Namun, pendapatnya berubah total setelah setahun bekerja di bisnis perangkat keras (hardware) keluarga di bawah pengawasan ketat ayahnya.
Tahun 1888 Robert Pim meninggalkan perusahaan keluarga itu, dan bersama beberapa teman mulai membuat semen Portland.
Pionir semen Kaada itu mulai melakukan inovasi dalam semua tahap pembuat semen.
Namun, industri baru bisa melaju setelah mereka berhasil meyakinkan para insinyur agar bersedia menerima semen produknya dalam kantung, tidak dalam drum tradisional yang sulit ditangani.
Karena pembangunan kota maju pesat, pabrik semen mulai dibangun di beberapa tempat di Kanada dan Amerika.
Butchart berinisiatif melakukan ekspansi ke arah barat dan tiba di Victoria permulaan abad lalu. la mendengar di sana ada deposit batu kapur di sekitar 14 mil ke utara Semenanjung Saanich.
Ketika menyelidiki daerah di Tod Inlet, ia menyimpulkan bahwa kondisi tanah itu cocok untuk membangun pabrik semen.
Keluarganya juga merasa, tanah lapang di dekat perairan yang terlindung itu baik untuk dijadikan tempat tinggal.
Bagian pertama rumahnya diselesaikan tahun 1904, dan semen pertama produksi tempat itu dikirim tahun 1905.
Jennie Foster Kennedy, istri Robert Butchart, mengaku, sesungguhnya tidak tahu banyak tentang kegiatan berkebun.
Namun, ia sangat senang manakala diberi beberapa bibit tanaman bunga oleh seorang teman.
Ketika kemudian bibit itu ditanam di rumah barunya, ia tidak menyadari bahwa hal itu merupakan cikal-bakal sederhana dari suatu petualangan hortikultura besar.
Jennie muda yang berasal dari Toronto memang selalu melakukan segala sesuatu yang dia minati dengan penuh antusiasme.

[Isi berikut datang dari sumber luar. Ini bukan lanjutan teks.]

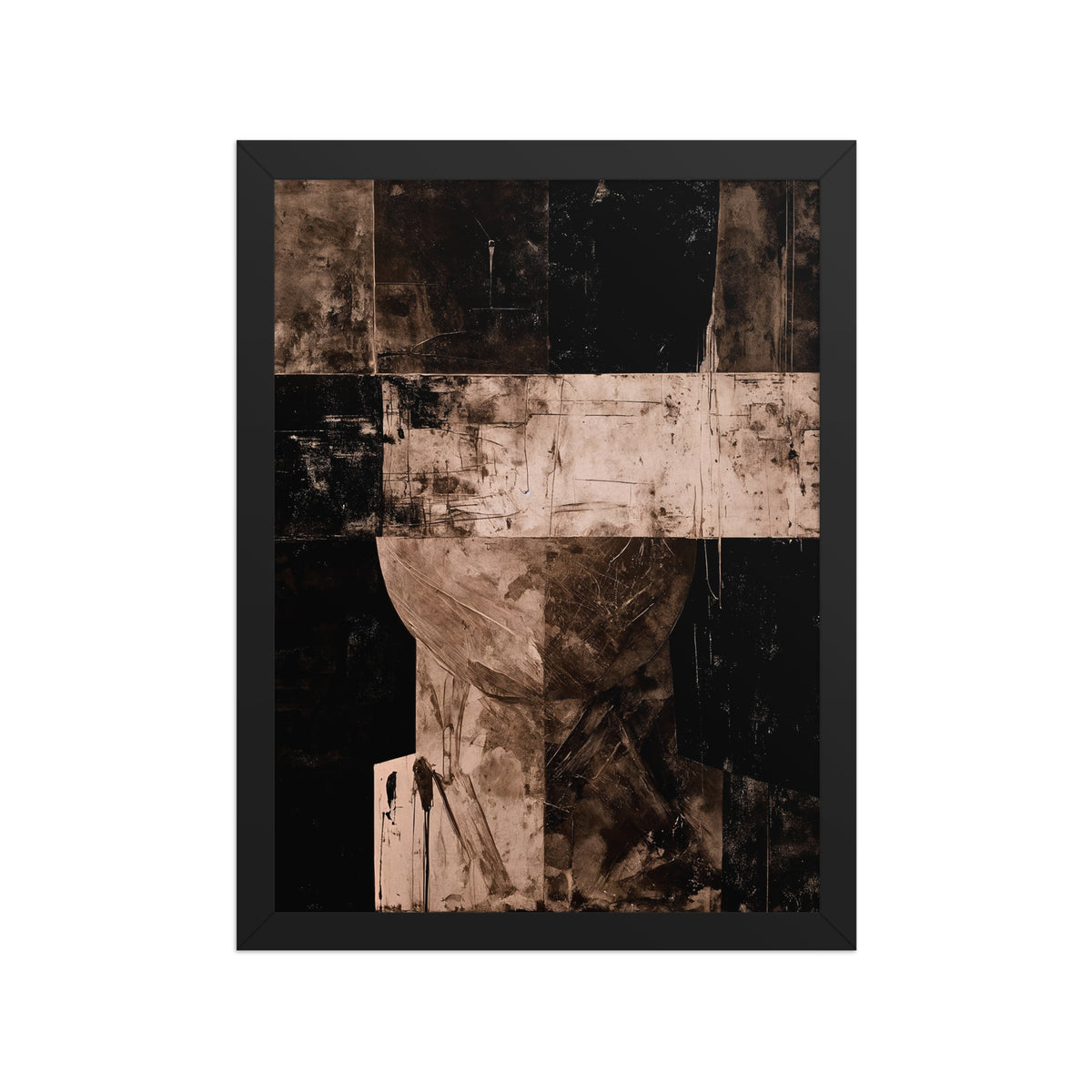 MB CANVAS ABSTRACT WALL ART PRODUCT MOCKUP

Ia paling suka olahraga berkuda.
Sebagai pelukis amatir pun ia pernah mendapat beasiswa untuk belajar seni di Paris. Tapi ia menolak tawaran itu karena akan menikah dengan Butchart.
Sebagai wanita muda ia pernah juga ter bang bersama Bleriot, penerbang pertama Prancis, orang pertama yang melintasi Terusan Inggris.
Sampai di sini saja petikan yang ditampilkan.